* **WORK REQUEST**
Return all the data below as it stands, minus the pictures.

(Data records)
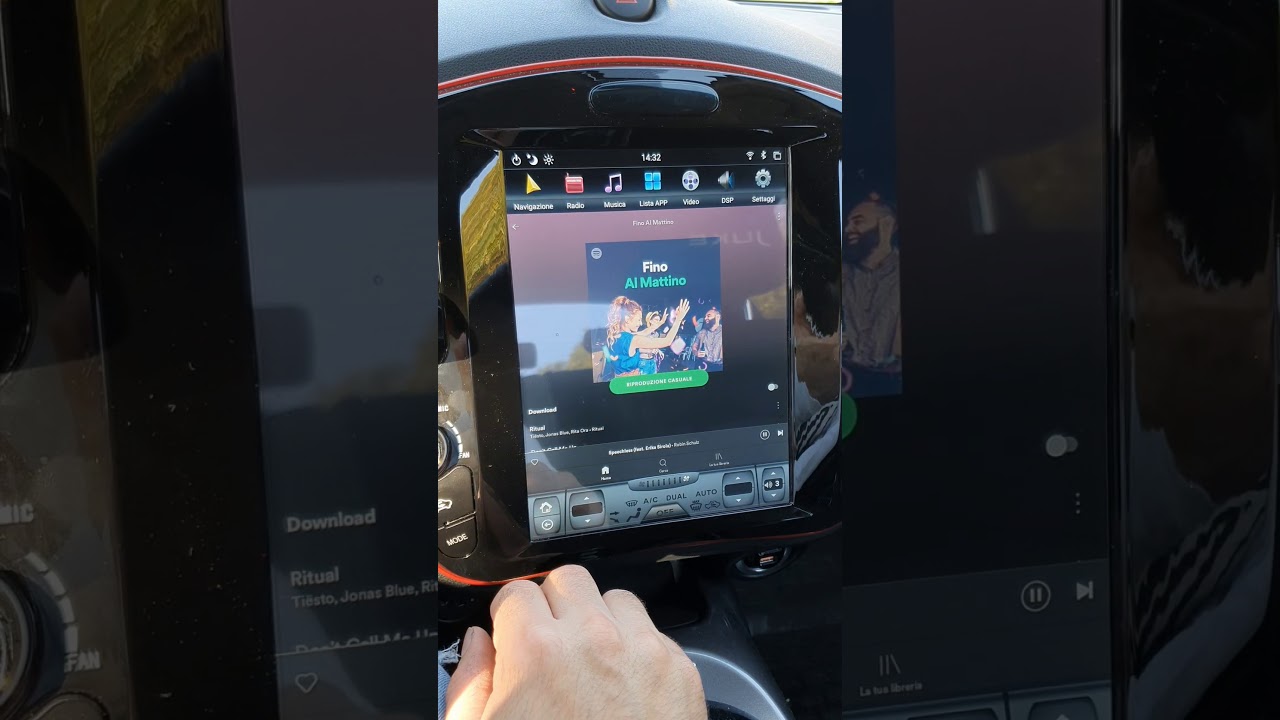 Nissan juke android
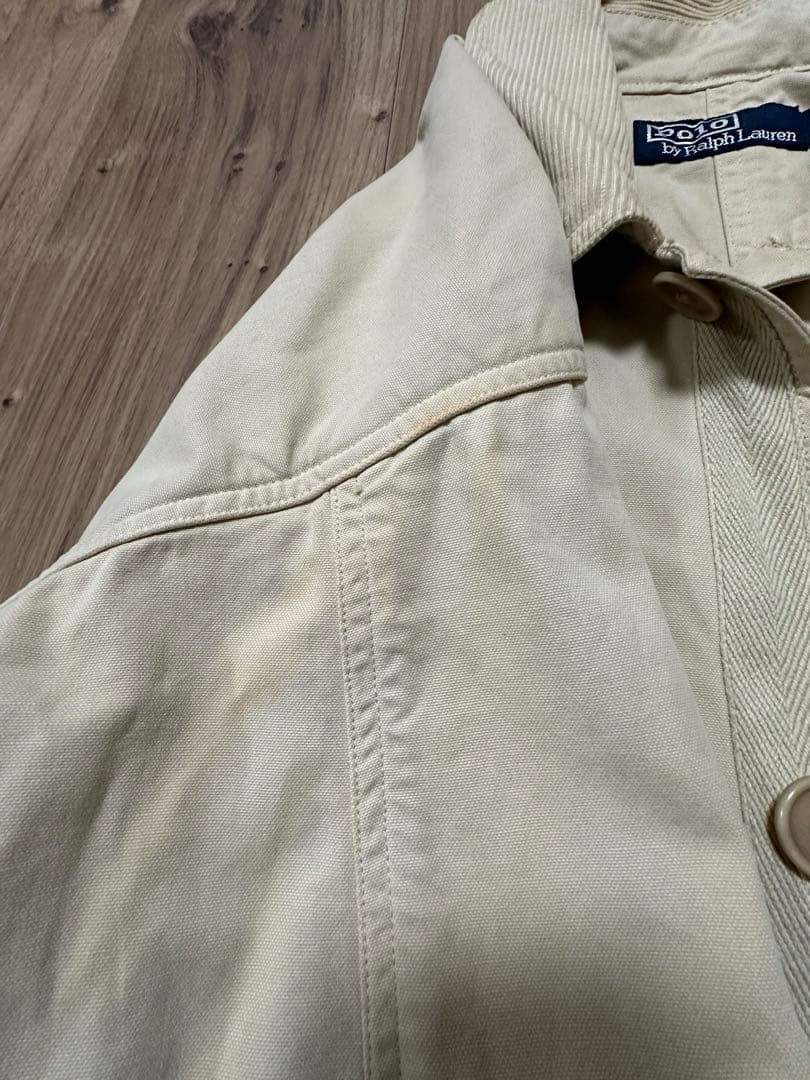 ポロラルフローレン　ハンティングジャケット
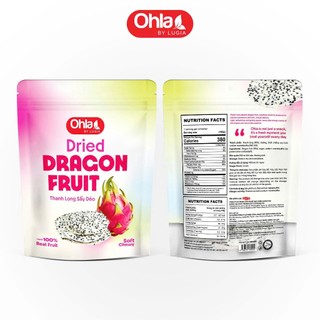 Thanh Long Sấy Dẻo Ohla 100g - Trái Cây Tươi Tự Nhiên Được Tuyển Chọn Kỹ Lưỡng
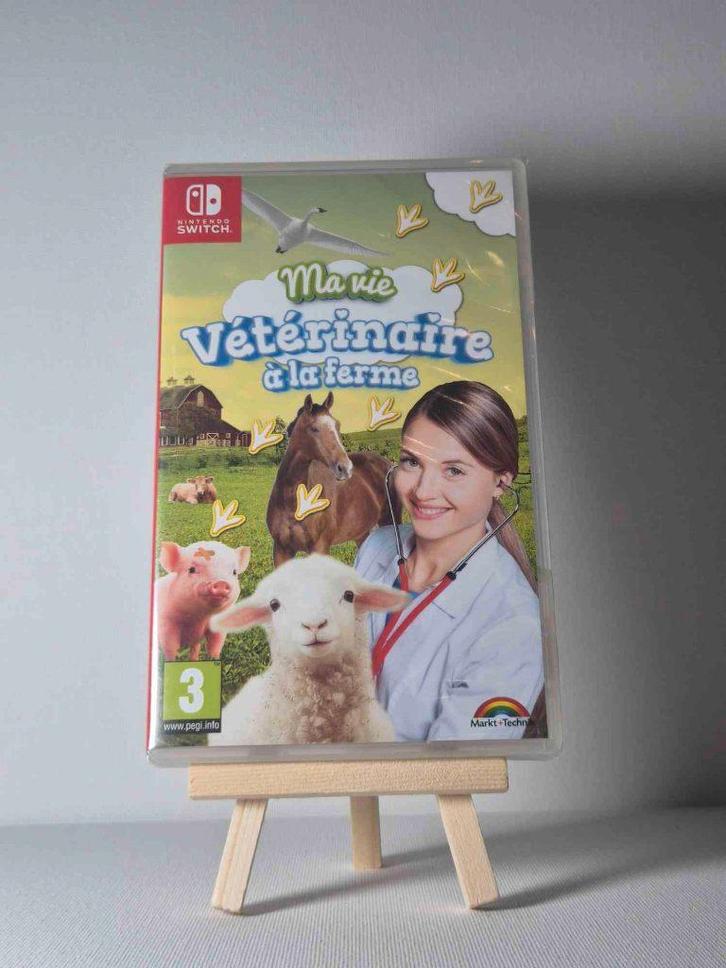 Ma Vie Vétérinaire a La Ferme - Nintendo Switch - New Neuf, Consoles de jeu & Jeux vidéo, Jeux | Nintendo Switch, Neuf, Simulation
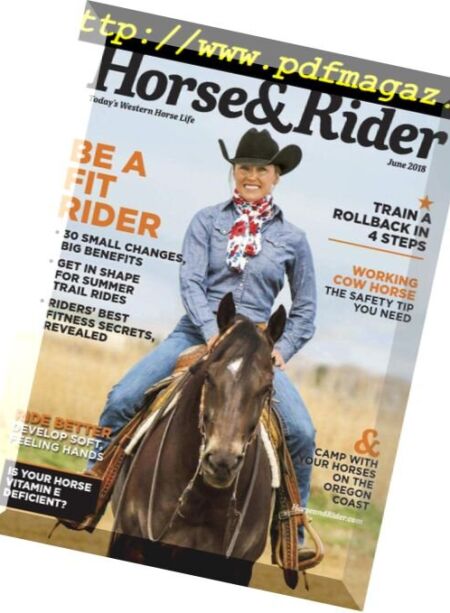 Horse & Rider USA – June 2018 Cover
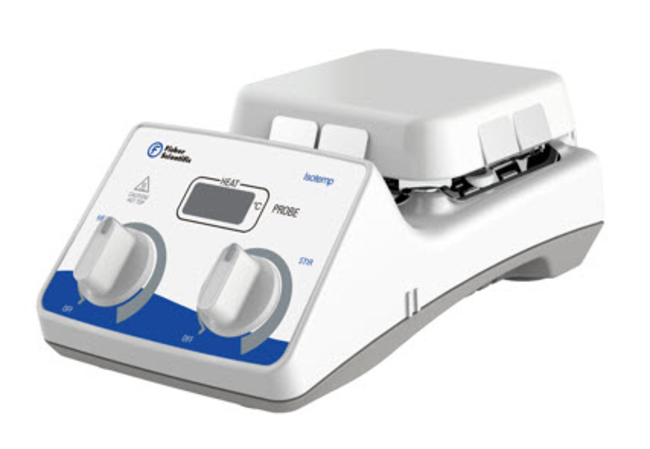 Isotemp&trade; Hotplate Stirrer, Ambient to 540&deg;C, Ceramic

* **FINISHED TASK**
 Nissan juke android
 ポロラルフローレン　ハンティングジャケット
 Thanh Long Sấy Dẻo Ohla 100g - Trái Cây Tươi Tự Nhiên Được Tuyển Chọn Kỹ Lưỡng
 Ma Vie Vétérinaire a La Ferme - Nintendo Switch - New Neuf, Consoles de jeu & Jeux vidéo, Jeux | Nintendo Switch, Neuf, Simulation
 Horse & Rider USA – June 2018 Cover
 Isotemp&trade; Hotplate Stirrer, Ambient to 540&deg;C, Ceramic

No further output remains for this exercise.